GEMM returning CUBLAS_STATUS_EXECUTION_FAILED but with data correct

Hello,

I’m trying to use cublas in a sparse linear solver using StarPU.

My programm execute several GEMM / AXPY on GPU using cublas.

My problem is that sometime i get a CUBLAS_STATUS_EXECUTION_FAILED status after running cublasSgemm.

I look at my parameters and it looks ok :

transa = ‘n’, transb = ‘t’,

M = 12, N = 4, K = 4,

alpha = 1.0, A = 2f109e34, lda = 25,

B = 2f10a034, ldb = 25,

beta = 0.0, C = 20fc0000, ldc = 12

What is more strange is that if after getting this status i copy the data to the host and print all in files, my product is correct.

I runned all my application ignoring CUBLAS_STATUS_EXECUTION_FAILED and my system is correctly solved…

So all seems correct except that I have this CUBLAS_STATUS_EXECUTION_FAILED and I would like to know why I get this error and how I could correct it.
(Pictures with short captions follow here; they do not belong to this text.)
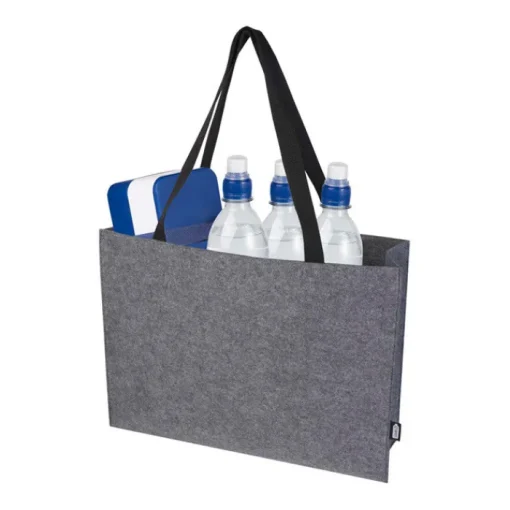 Gift Campaign Shopper personalizzabile in feltro riciclato di alta qualità da 20L> Borse Per La Spesa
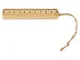 Закладка с линейкой из бамбука Bookmark, бежевая - фото № 2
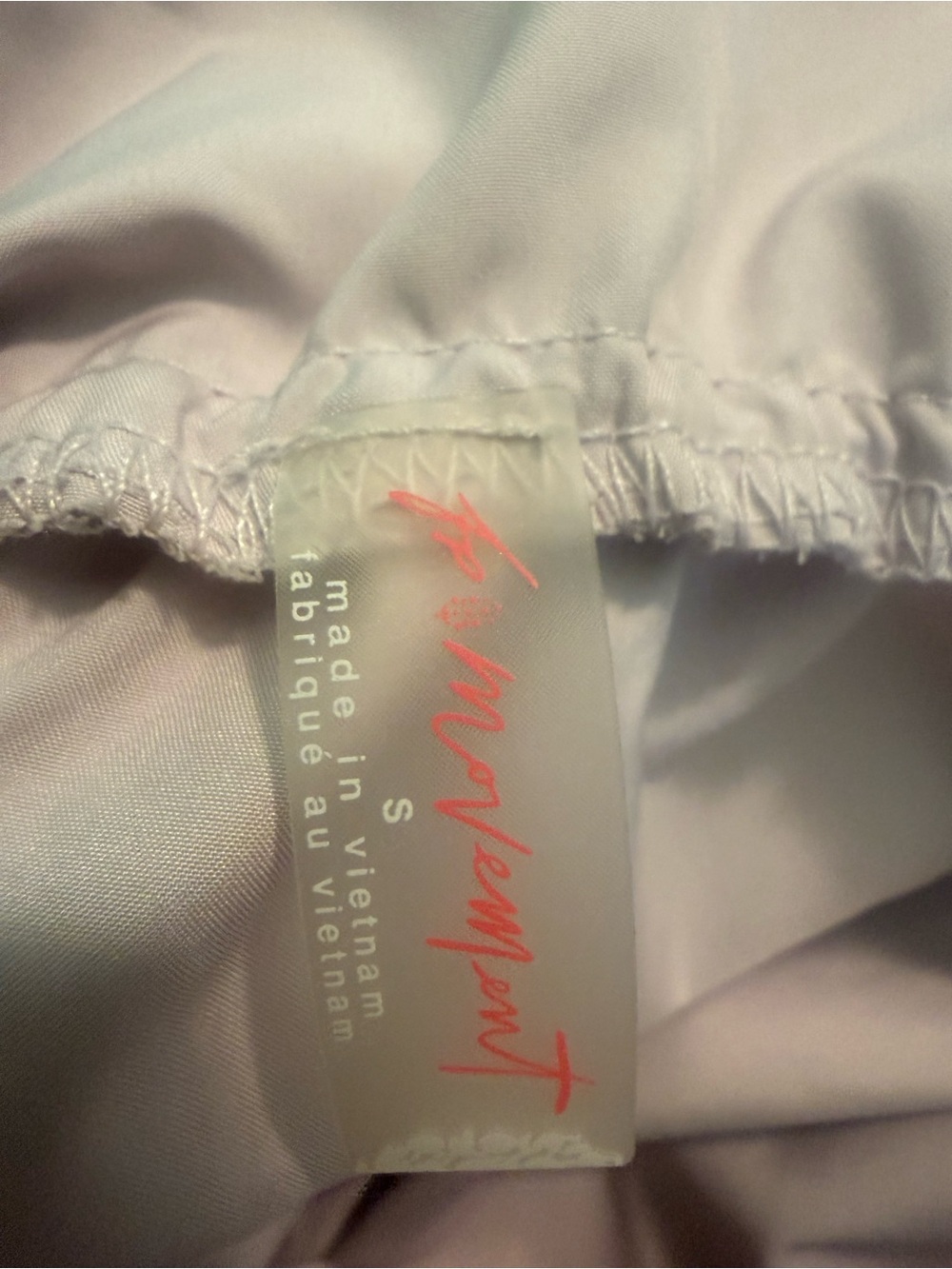 Free People Movement Lavender Punch Dress size Small - Picture 3 of 12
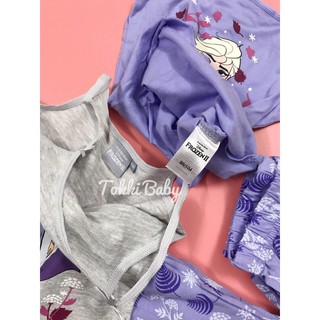 Set áo dây quần đùi elsa cho bé gái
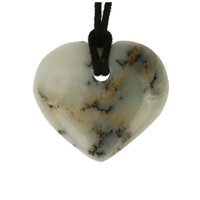 Merliniet hart doorboord + koord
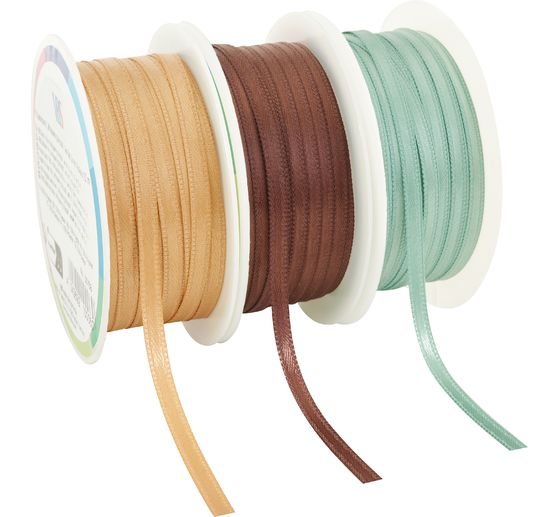 VBS Satin ribbon "Whispering Woods"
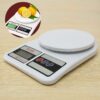 Electronic Digital Kitchen Weighing Scale - 10 kg Capacity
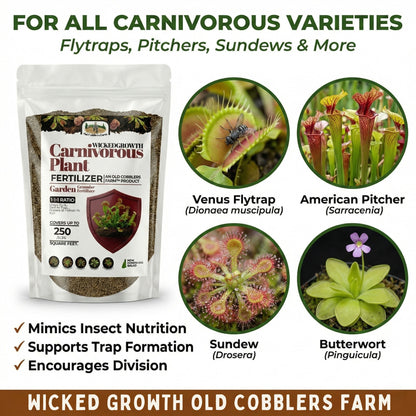 Wicked Growth Carnivorous Plants Fertilizer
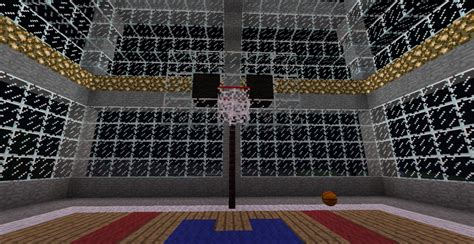 Basketball Court Mod Link Minecraft Map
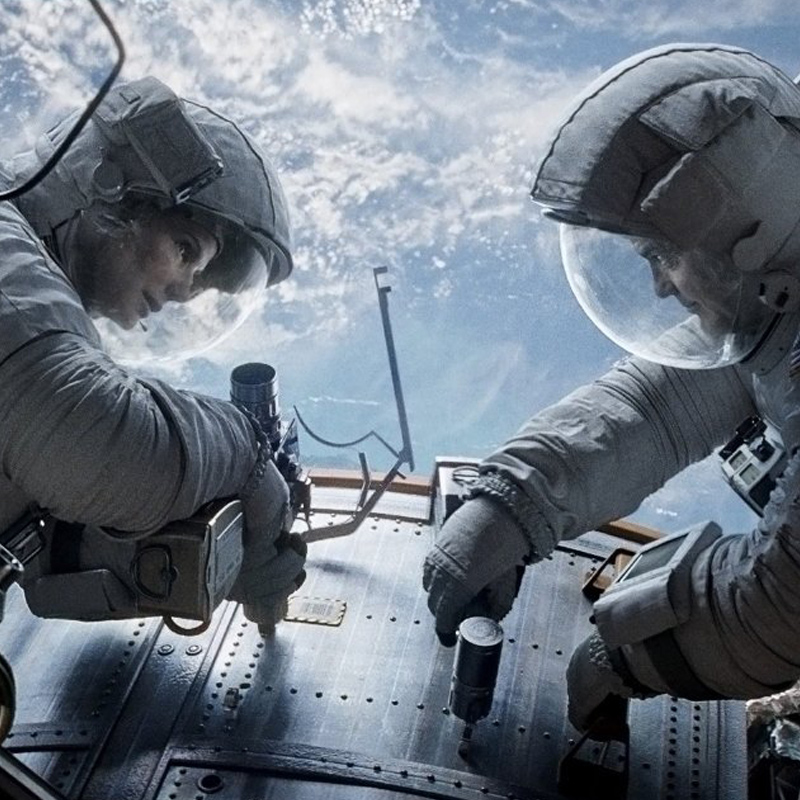 GRAVITY 3D Blu-Ray FSK ab 12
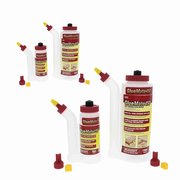 Milescraft Wood Glue Bottles with No-Drip Applicator Tips. 15oz. and 5oz 7369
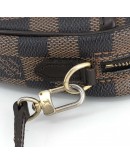 LOUIS VUITTON Damier Ebene Ipanema Pochette Crossbody Bag with Shoulder Strap & Waist Belt – GHW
I call cublasSgemm trought this code :

#define CUBLAS(func) cublasS ## func

#define CUBLAS_GEMM(i,j,m,n,k,x,a,u,b,v,y,c,w)				\

  {									\

    BLAS_INT varim = (BLAS_INT)(m);					\

    BLAS_INT varin = (BLAS_INT)(n);					\

    BLAS_INT varik = (BLAS_INT)(k);					\

    BLAS_INT variu = (BLAS_INT)(u);					\

    BLAS_INT variv = (BLAS_INT)(v);					\

    BLAS_INT variw = (BLAS_INT)(w);					\

    FLOAT    varix = (FLOAT)(x);					\

    FLOAT    variy = (FLOAT)(y);					\

    CUBLAS(gemm)(*(i), *(j), varim, varin, varik, varix, (a),		\

		 variu, (b), variv, variy, (c), variw);			\

    CUBLAS_CHECK_GEMM(*(i),*(j),a,b,c);					\

    cudaStreamSynchronize(starpu_cuda_get_local_stream());		\

  }

Where th check only get status, and if there is an error, print status error, print parameters, get matrices from GPU and print them into file.

Thanks,

XL

Edit, my config :

DELL Precision T7400

Linux Debian 6.0.3 - 2.6.32-5-amd64

icc (ICC) 12.0.3 20110309

CUDA 4.0.17

GeForce GTX 295

2 quadcore Intel® Xeon® CPU E5410 @ 2.33GHz

RAM 32Go